Vermont Tubbs reaches its end
Morgan sold his stake to Bill Carris in 1989. Carris moved the company’s operations to a new facility in the Brandon Industrial Park off Arnold District Road and began trying to sell to large department store chains.
“I warned him he’d have trouble with that,” said Morgan. “And it came true. When you’re dealing with retailers on that scale, they get very demanding. Every piece has to conform to their standards. It was a nightmare for him.”
And then the nature of the U.S. furniture industry changed as well.
“Manufacturing went overseas,” said Morgan. “It was cheaper. There used to be so many furniture makers in western New York and central Massachusetts. Pretty much all gone now. I don’t think there was anything they could’ve done to save Vermont Tubbs furniture.”
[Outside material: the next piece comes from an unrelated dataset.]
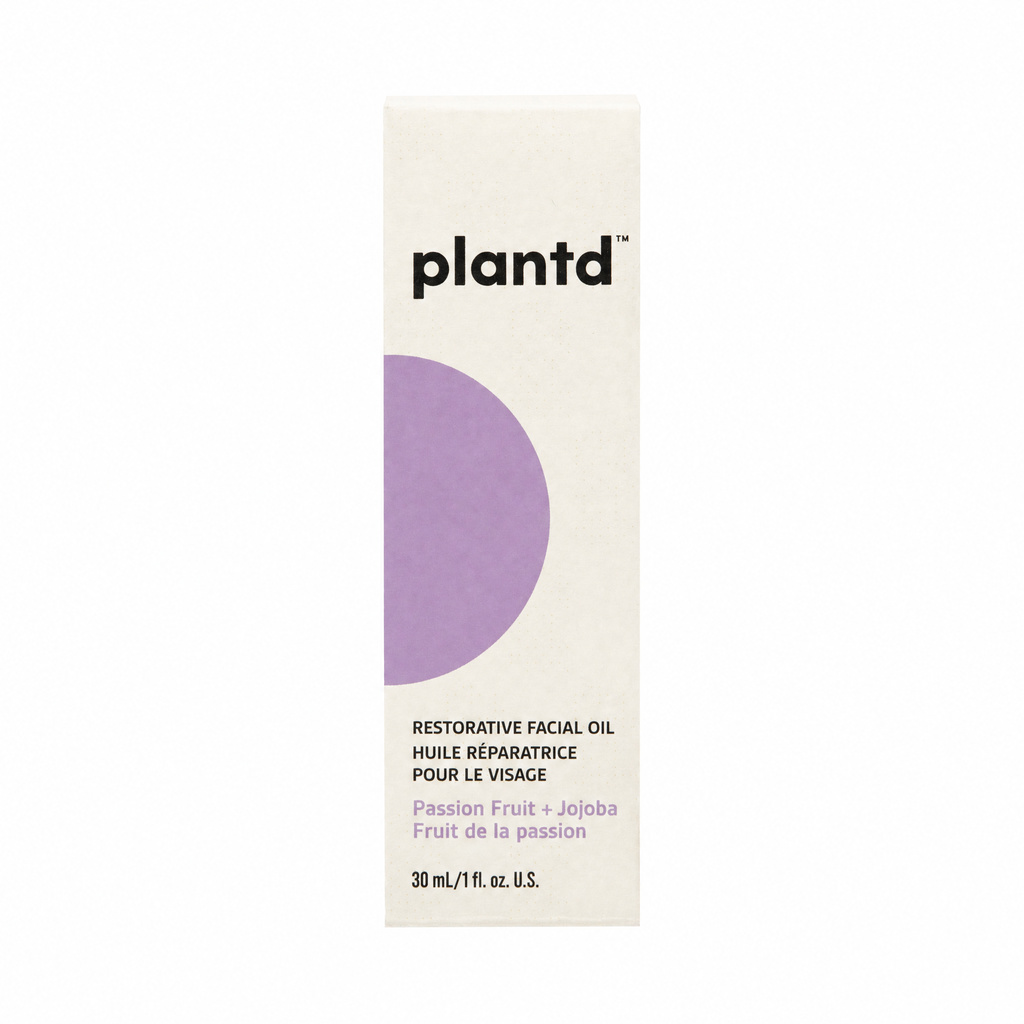 Plantd restorative facial oil box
Under Carris, Vermont Tubbs reached peak revenue of $16 million in 2000, with 255 employees. By 2003, however, revenue had plummeted almost 27% and the number of employees had dropped to 140. That year, Carris sold the company to Vermont Quality Wood Products, which continued to run the facility in Brandon until 2008, when it was sold to Brown Street Furniture and relocated to New Hampshire. In 2013, Brown Street declared bankruptcy.
Though Vermont Tubbs may no longer do business, its vintage products are still sought after by collectors and its sturdy furniture still graces many homes.
As for Baird, he started another company to manufacture furniture for Conran’s, but that chain also went out of business in 1991.
“I still have no idea why Conran’s folded,” Morgan said. “It was very sudden.”
After short stints at New England Woodcraft and a furniture company in Massachusetts, Morgan left the furniture business.
“It’s now dominated by online retailers and chains like IKEA and Ashley,” he said. “I didn’t want to sell to ‘big box’ stores.”
A new legacy
But Morgan hasn’t been idle. He and Betsy have helped facilitate the creation of the Pittsford Village Farm (PVF), across from Kamuda’s Market. PVF offers cultural events and concerts and will eventually house a community meeting room, daycare center, café, and affordable apartments.
“Back in the 90s, I was on the Pittsford Planning Commission,” said Morgan. “People often complained that there was no village green, no meeting place. And then in 2000, the Post Office wanted to move to Plains Road, where the Town Offices now are. I thought that would suck the lifeblood out of the village. People come to the Post Office and go to the library and Kamuda’s.”
Morgan eventually went to court to prevent the move. He thought perhaps the Post Office could occupy the house on what is now PVF. So, in 2000, he tried negotiating with Bob Forrest, who was then the owner of the property. But it wasn’t until 2015, after Mr. Forrest had passed, that Morgan was able to reach an agreement to purchase the house and 22 acres.
“I bought it so it couldn’t be developed,” said Morgan. “It’s too beautiful and it’s right in the center of town.” The Morgans purchased the property personally and then donated it to a nonprofit called Pittsford Preservation Corporation, which had been formed in 2001 in anticipation of the purchase. This nonprofit now owns the property and operates as PVF. The Morgans have no ownership stake.
The Morgans, who celebrate their 55th wedding anniversary this year, may be out of the furniture game, but they’re still making their mark on their community.